For Oddy it was music. He’d just wanted to crank up the Hi-Fi, a little Chubby Checker or Ray Charles’ “Can’t Stop Lovin’ You,” snug on a pair of headphones and float away with the tunes. For Tripwire it was movies: sitting in the balcony Aladdin theater with a tub of hot buttered popcorn, feet cocked up on the balcony rail and some old film—
The Maltese Falcon
maybe, Bogart as Sam Spade—flickering on the screen. And, if he was lucky, perhaps there’d be some sweet young thing to throw his arm around. Heaven. The purpose of the game was simplicity itself: it provided hope. And in ’Nam, hope was the most valuable currency going—sometimes it was enough to get you through. Not always. But sometimes.

“How does this sound, Sarge,” Tripwire said. “I take that dough and make the porno to end all pornos. We’re talking A-List cast—Seka, Marilyn Chambers, Amber Lynn, Annie Sprinkle, Linda Lovelace, the whole starlet constellation.” Tripwire cracked his knuckles against his chin, warming up. “Here’s the setup: the year is 2020. The world has been ravaged by nuclear destruction. The only survivors are a group of super-hot models who’ve constructed an impregnable fallout shelter—”

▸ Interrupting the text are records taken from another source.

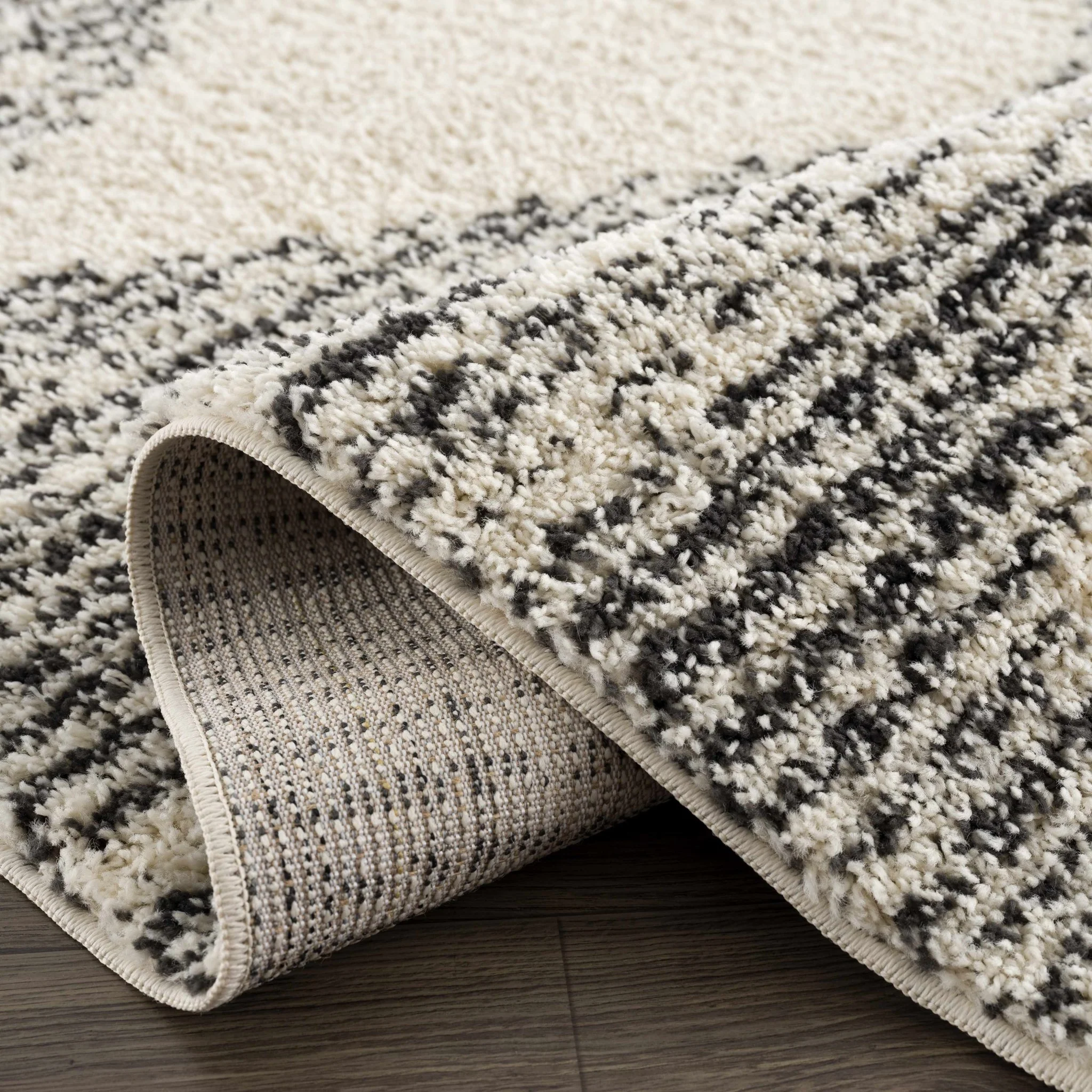 Beige and Charcoal Modern Geometrical Plush Pile Moroccan Style Area Rug - Image 10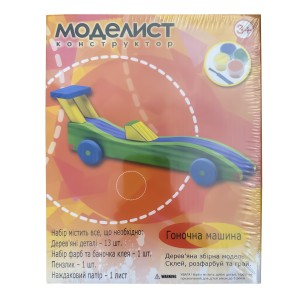 Дитячий розвиваючий дерев'яний конструктор-розмальовка 13 деталей M-003 Гоночна машина (NI)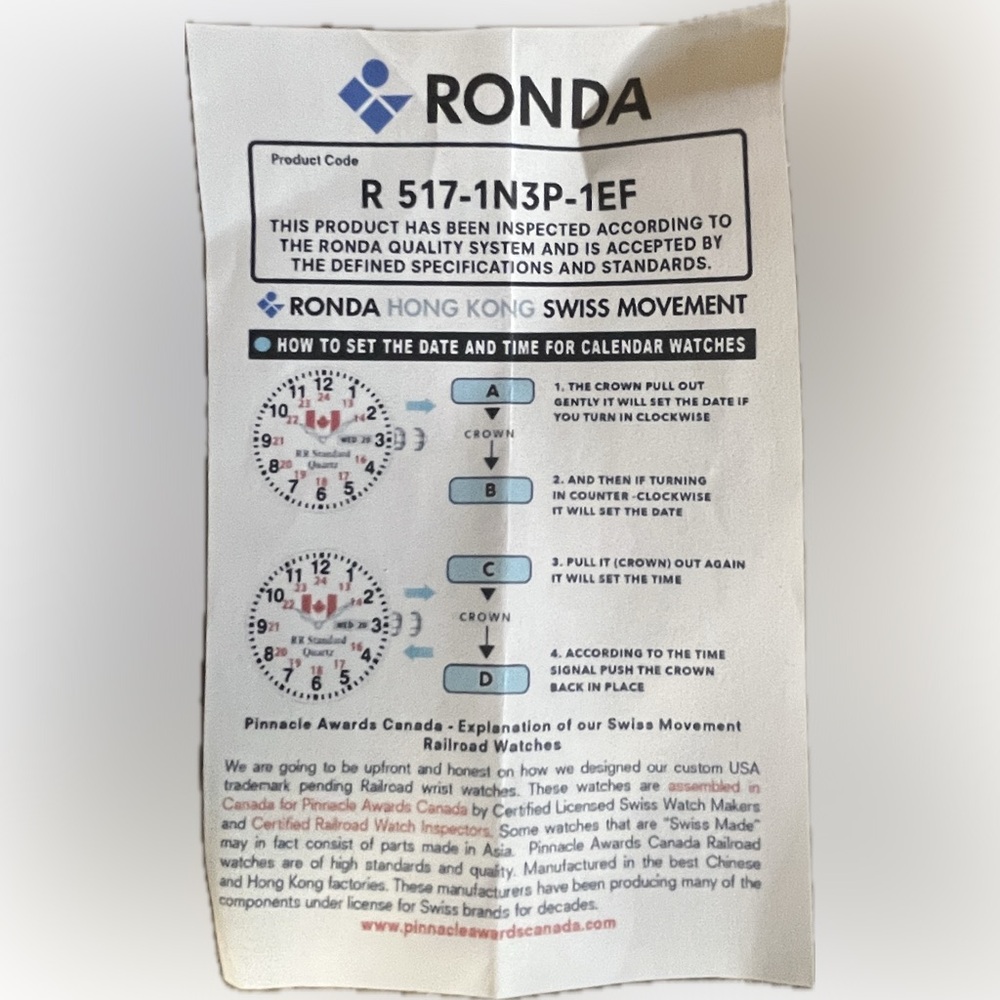 Pinnacle Awards Canada Railroad Wristwatch – Ronda 517 Quartz - Picture 5 of 7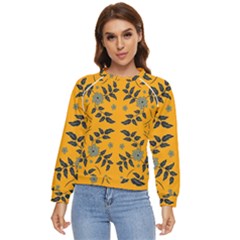 Floral Folk Damask Pattern Fantasy Flowers Floral Geometric Fantasy Women s Long Sleeve Raglan Tee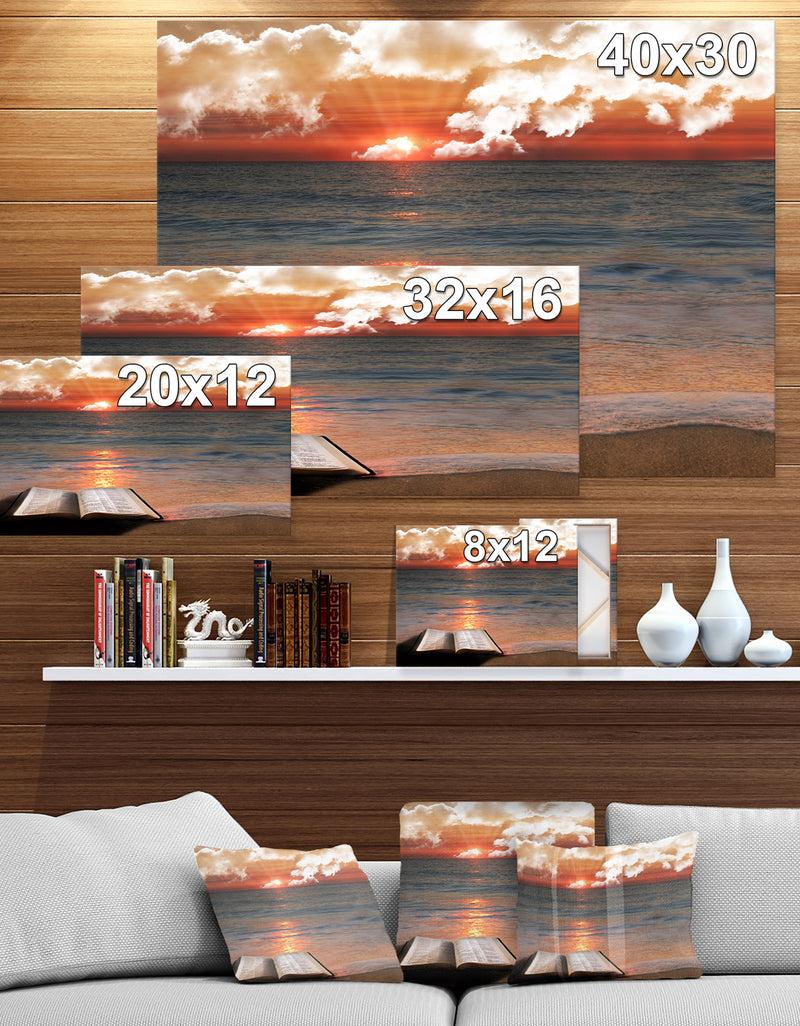 DesignQ Open Bible In Cloudy Sunset - Sea & Shore Contemporary On Wrapped Canvas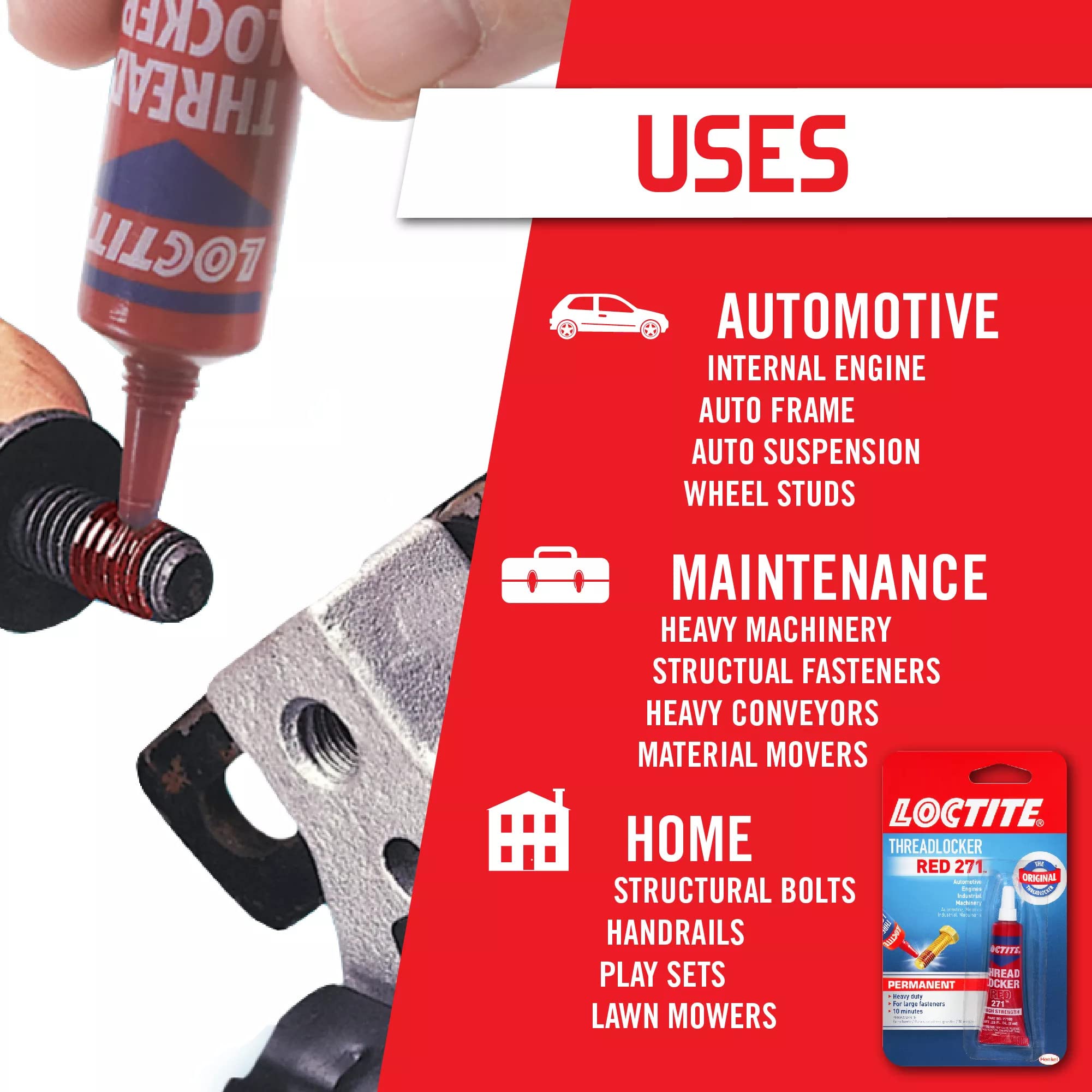 Loctite Threadlocker Red 271 - Permanent Thread Lock Glue for Nuts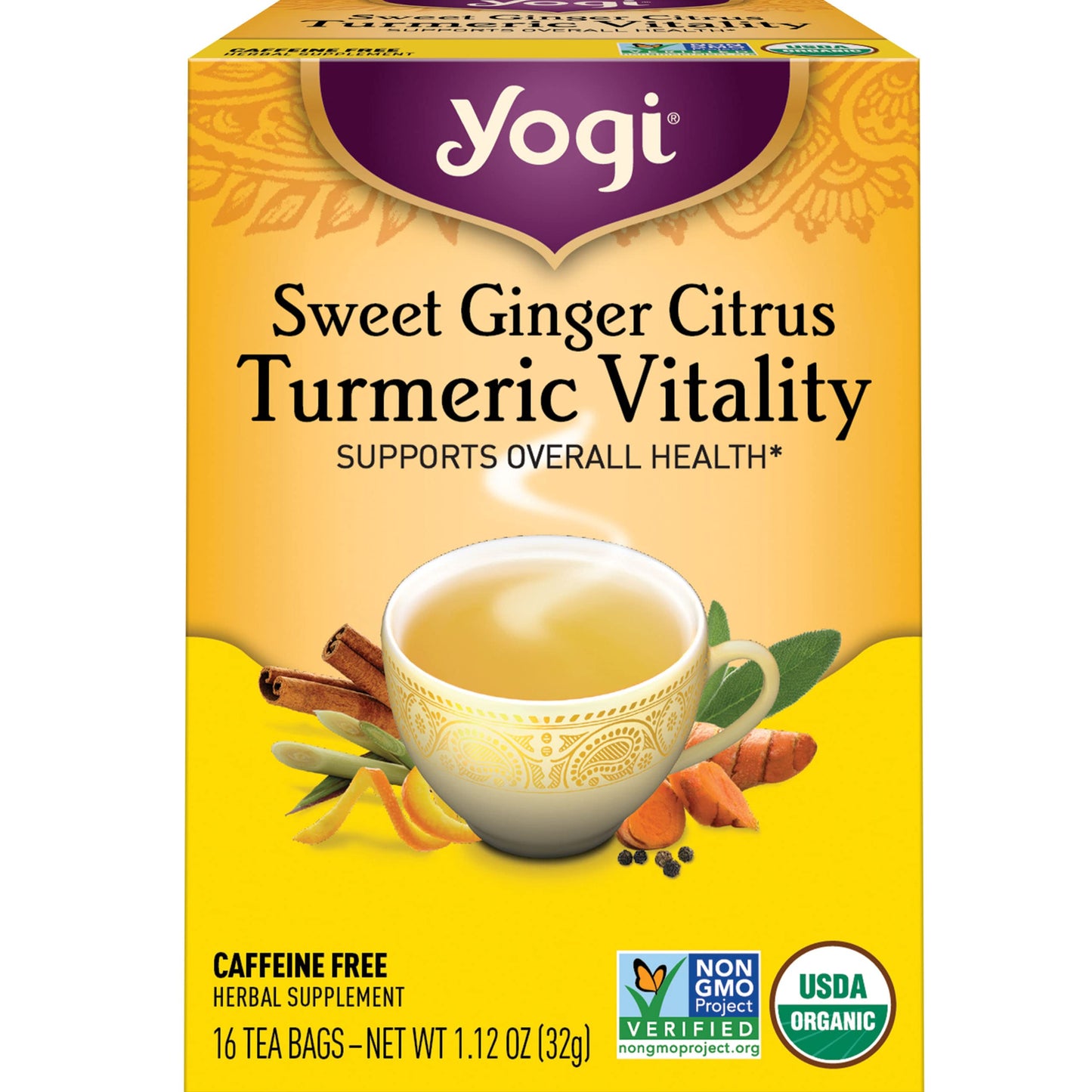 Yogi Tea Sweet Ginger Citrus Turmeric Vitality - 16 Bags per Pack (4 Packs) - Organic Ginger & Turmeric Root Tea - Supports Well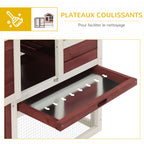 Clapier cage à lapins multi-équipé : niche supérieure avec rampe, plateau excrément, fenêtre + enclos extérieur sécurisé 2 portes 123,5L x 62,6l x 92,5H cm rouge brique-5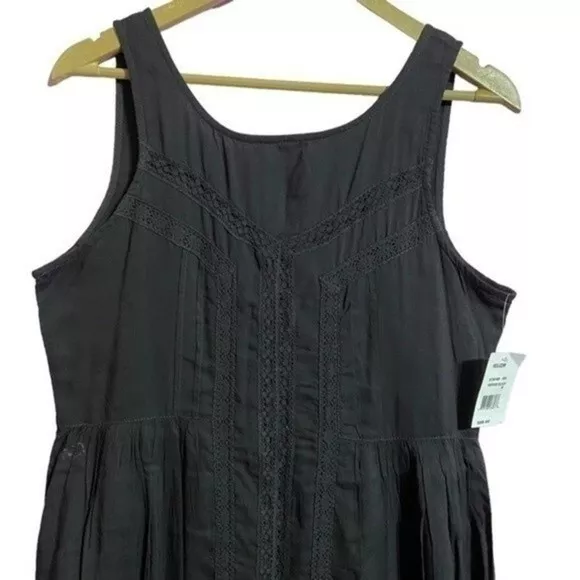 Volcom Dress Women’s Medium Vintage Black Sleeveless Lace “Black Sand” NWT 3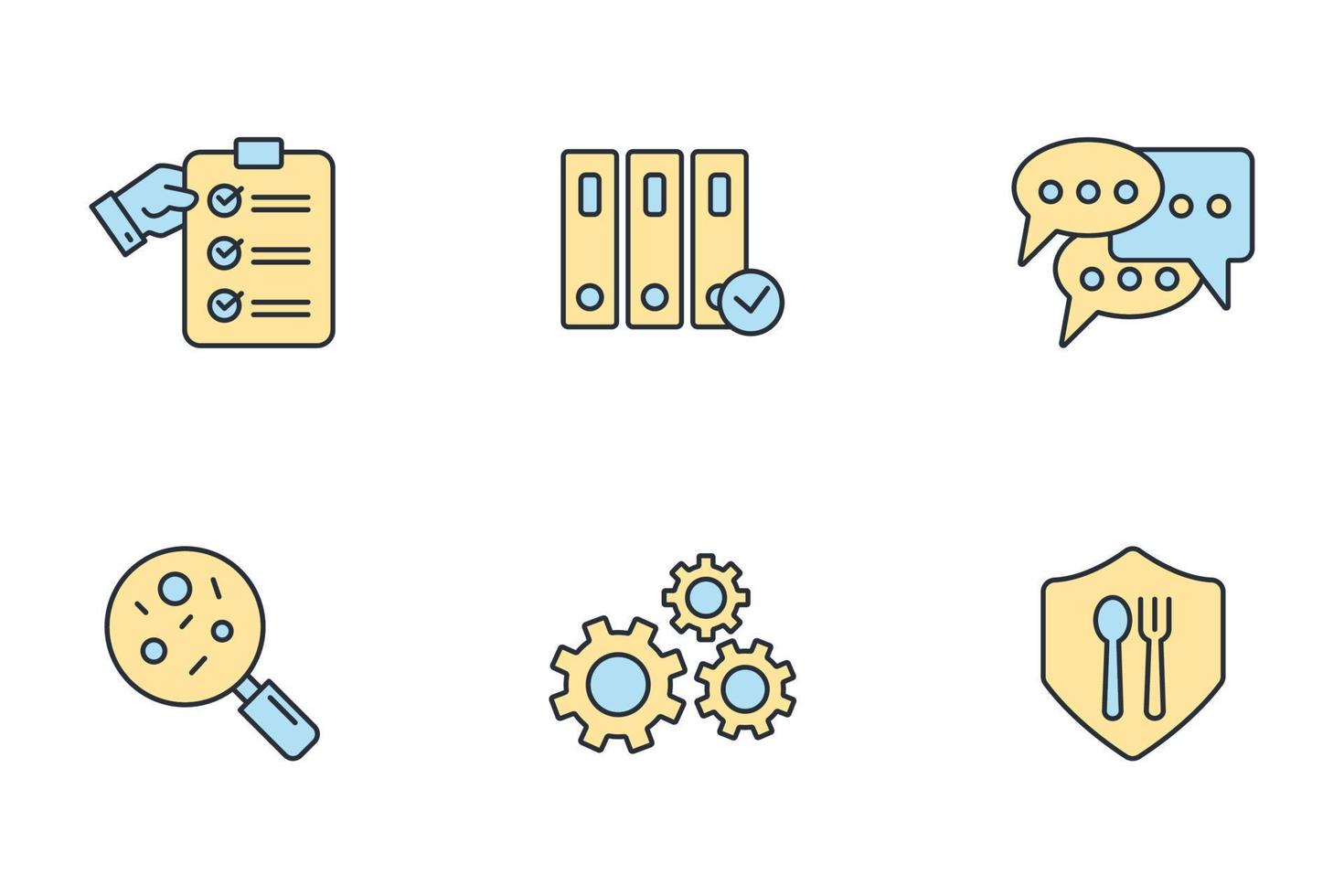 ISO 22000 voedselveiligheid pictogrammen instellen. ISO 22000 voedselveiligheidspakket symbool vectorelementen voor infographic web vector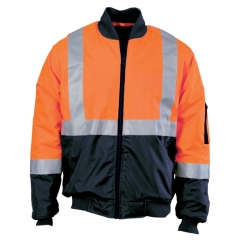 DNC - Taped Two Tone Hi Vis Bomber Jacket - Orange/Navy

“The fuck are supermodels doing building fallout shelters?” Zippo said.

“You’re watching a movie with your pants around your ankles, tugging at your pud, and you’re going to give a shit about logic?” Tripwire shot back. “Now, five years have passed since Armageddon. The chicks are down to their last can of SPAM, clean out of tampons, horny as fruit flies. They’ve been dyking it out for years and are starved for pole. Lo and behold, a knock on the door.”

Oddy said, “That pizza they ordered five years ago?”

“Better. A platoon of marines searching out any survivors. But the fallout has mutated their bodies in the most interesting way: their cocks are
massive
.”

“How fortunate for them,” Answer said.

Zippo said, “If that’s what radiation poisoning does, I’ll start hanging around nuclear test sites.”

Tripwire said, “We’re talking foot-long hogs here, thick as pop cans—”

“Ah, come on,” Zippo said. “No man’s got a hose that big.”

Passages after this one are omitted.